Monday, February 25, 2013

Energy versus Anomaly

Since the BEST project is adding a new combined land and ocean product to their list, I am not going to try to beat them to the punch.  I will provide a little preview of what their new product may reveal.



Since the cumulative impact of the Pacific Decadal Oscillation is a topic on one of the blogs and the mystery of the 1910 to 1940 "natural" peak as well, I thought I would try to combine both.  The BEST land data provides Tmax and Tmin temperature series with estimates of absolute temperature.  Using the Stefan-Boltzmann relationship, I converted the Diurnal Temperature Range (DTR) to Diurnal Flux Change (DFC) for this chart.  That is just the energy anomaly associated with DTR.  A 21 year trailing average was used to "simulate" accumulation with respect to the ~21 year Hale solar cycle.  Different averaging periods would "smear" the peaks if longer, producing a neat 1910 to 1940 peak if that is what you really want.  Since Washington State and Canada were used, there would likely be some PDO influence, but since the AMO or Atlantic Multidecadal Oscillation is just across the way, the differential between the two would likely be a stronger influence than either independently.

If the new BEST product produces reasonable absolute temperature estimates, then it could produce reasonable absolute energy estimates.  The following the energy through the system would be much simpler than it is now.  It is after all the energy that creates the temperature anomaly squiggles, so some bright young scientist may soon be new Sultan of Schwung using BEST products.

Update:

The frustrating part of this whole puzzle is the Telescope Jockey "averaging" simplifications.  In Astrophysics, if you can estimate the temperature or energy of a body in space to +/- 20 Wm-2, you are kicking Astrophysics butt.  We are not on a distant body floating in space though.  We are on our home planet with much more than just radiant physics estimates to draw upon.

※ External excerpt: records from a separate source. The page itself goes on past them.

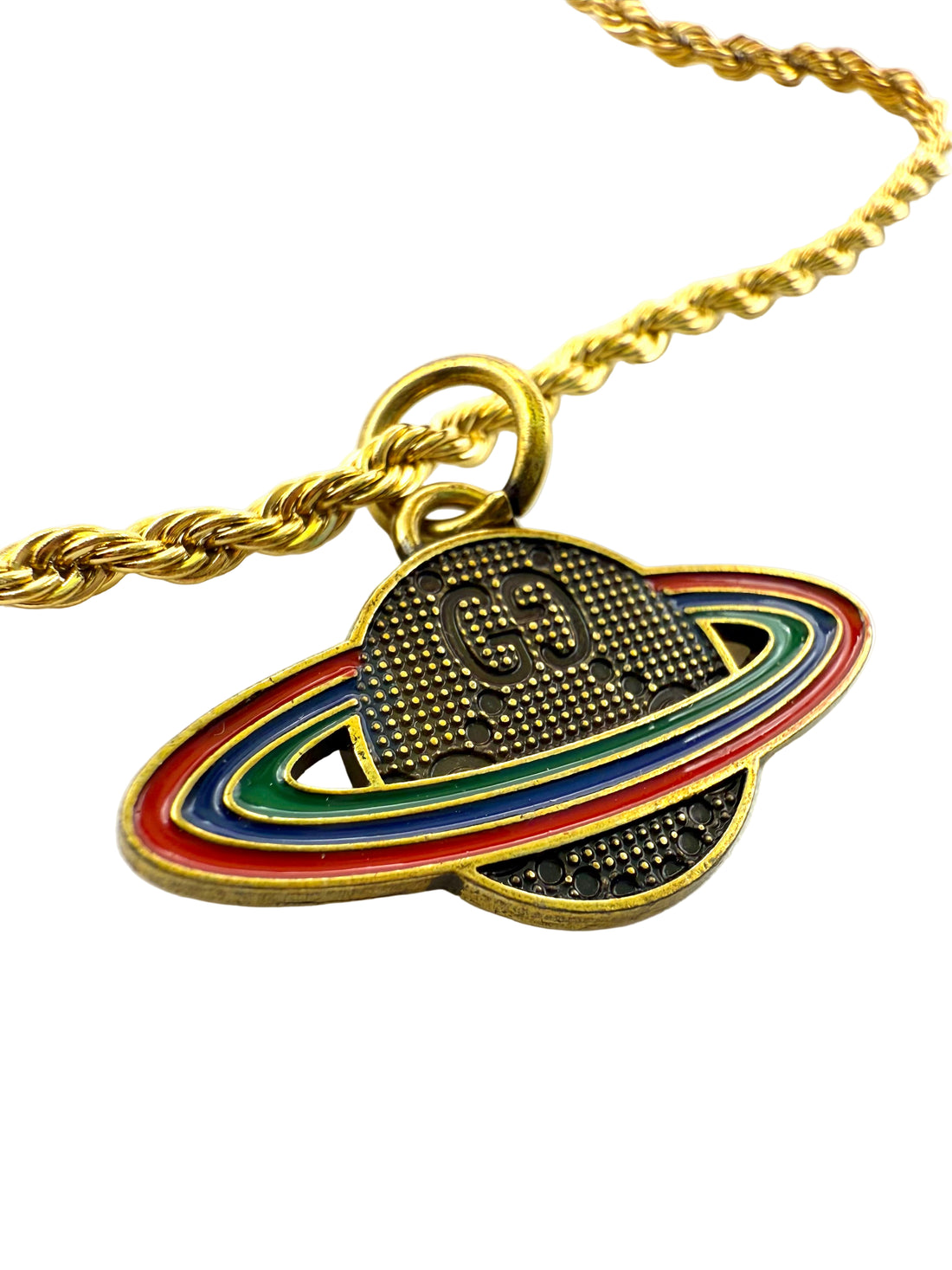 REPURPOSED CHARM SATURN 16”NECKLACE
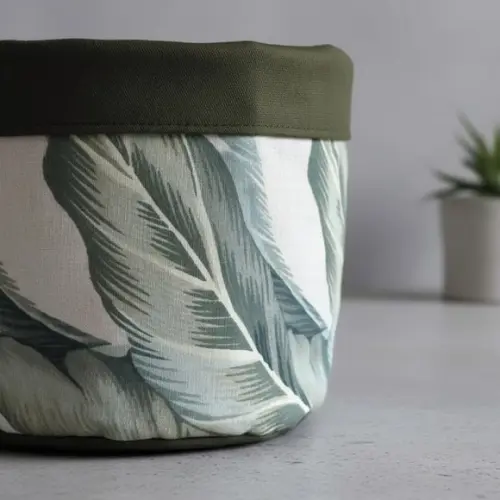 Cachepot em Tecido Folhagem Verde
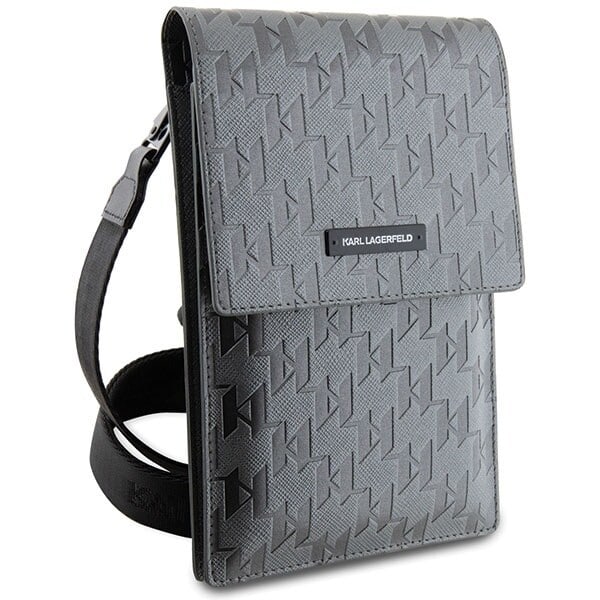 Karl Lagerfeld Saffiano Mongram Plaque KLWBSAMSMG Case Bag - Sølv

Here, we have a pseudo-cyclic power supply, the Sun, and asymmetrical hemispheres with different thermal capacities and time constants.  That is why RMS values of energy should be used and more model "boxes" included depending on how accurate one would like to be.  There are layers of complexity to be considered.

Since there are Two Greenhouses with several spaces in each, radiant assumptions on a short time scales, less than a few thousand years, just ain't going to cut it.